*TASK BRIEF*. In the records below, find the line with "set of 4 olmsted" and the line with "Hedgehog Girl Fobs". Print both exactly, along with every line between them, and no other line.

+++ DATA FOR ANALYSIS +++

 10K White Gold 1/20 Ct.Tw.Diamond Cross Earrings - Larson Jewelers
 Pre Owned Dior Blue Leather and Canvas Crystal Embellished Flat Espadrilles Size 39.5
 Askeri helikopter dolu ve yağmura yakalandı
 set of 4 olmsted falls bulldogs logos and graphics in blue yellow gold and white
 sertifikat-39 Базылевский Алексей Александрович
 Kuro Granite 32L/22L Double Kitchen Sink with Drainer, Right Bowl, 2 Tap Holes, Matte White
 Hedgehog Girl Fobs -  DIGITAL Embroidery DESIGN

+++
+++ DATA FOR ANALYSIS +++

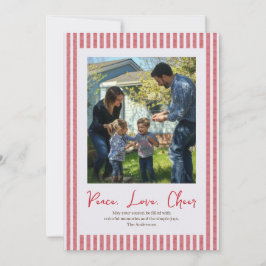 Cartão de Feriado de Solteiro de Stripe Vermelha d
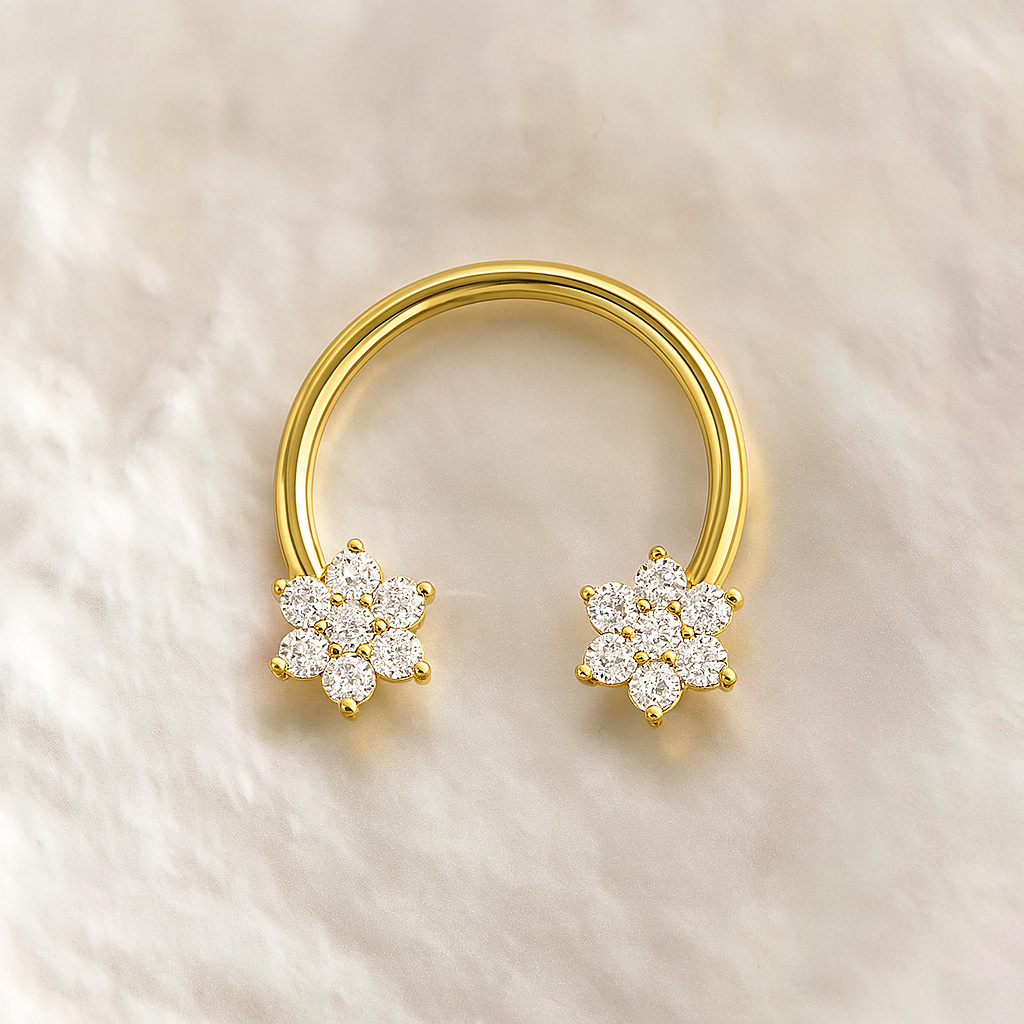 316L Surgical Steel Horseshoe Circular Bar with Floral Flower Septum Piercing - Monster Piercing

+++

*SOLUTION FOR THIS TASK*.
 set of 4 olmsted falls bulldogs logos and graphics in blue yellow gold and white
 sertifikat-39 Базылевский Алексей Александрович
 Kuro Granite 32L/22L Double Kitchen Sink with Drainer, Right Bowl, 2 Tap Holes, Matte White
 Hedgehog Girl Fobs -  DIGITAL Embroidery DESIGN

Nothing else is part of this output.